Given data.
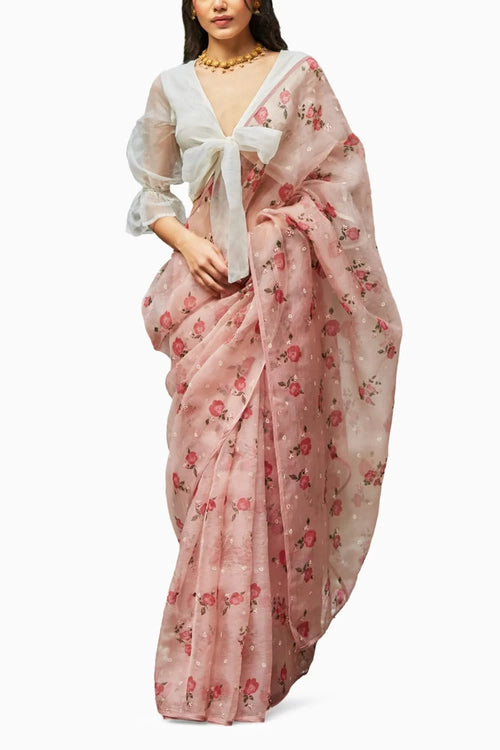 Embellishment Persin Rose Organza Silk Saree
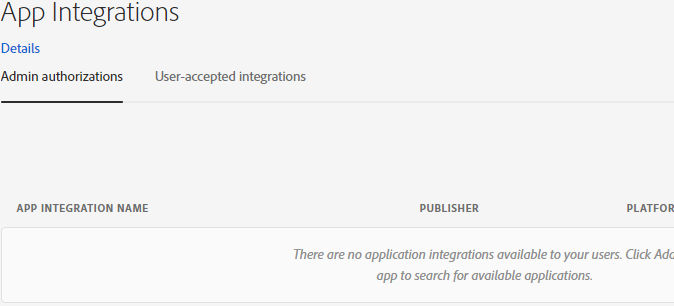 App Integrations tab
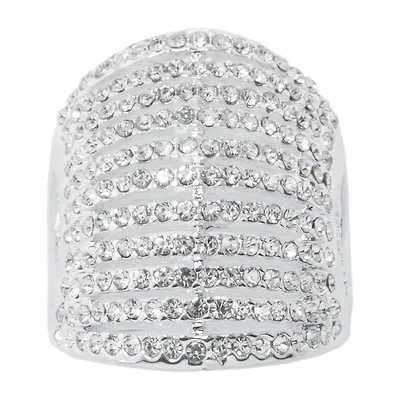 Sparkle Allure Womens Crystal Pure Silver Over Brass Dome Cocktail Ring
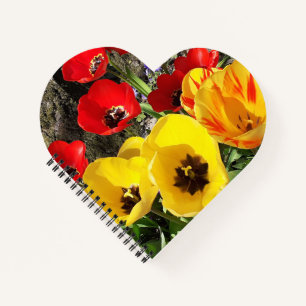 Carnet Coeur des Tulipes jaunes et rouges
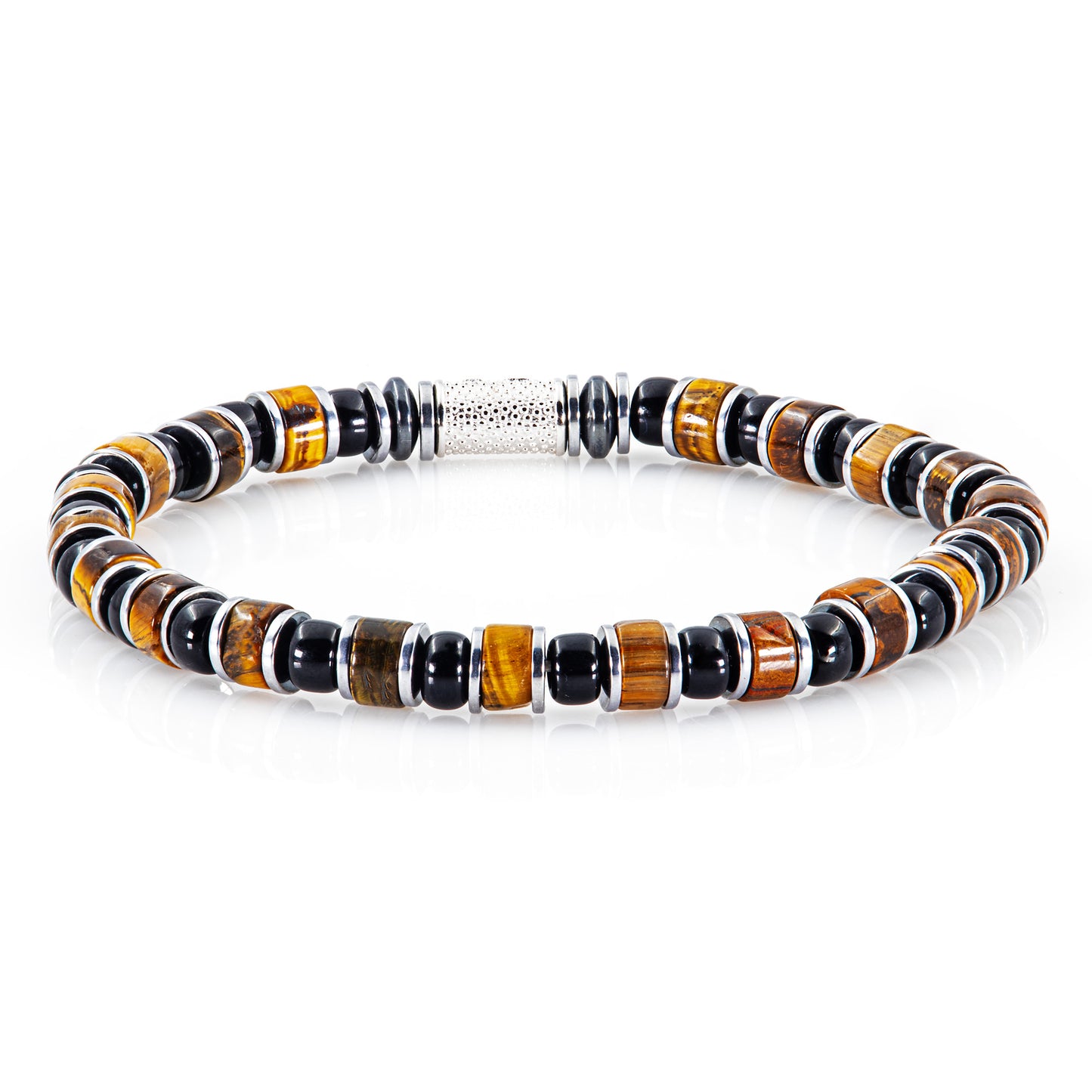 Tigerauge Miyuki Perlen 925 Sterling Silber Rohdiniert 6mm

Exercise. Go to the line containing "Sparkle Allure Womens", then write out word for word every line from there to the end of the listing. Keep both end lines and drop the pictures.

Answer space.
 Sparkle Allure Womens Crystal Pure Silver Over Brass Dome Cocktail Ring
 Carnet Coeur des Tulipes jaunes et rouges
 Tigerauge Miyuki Perlen 925 Sterling Silber Rohdiniert 6mm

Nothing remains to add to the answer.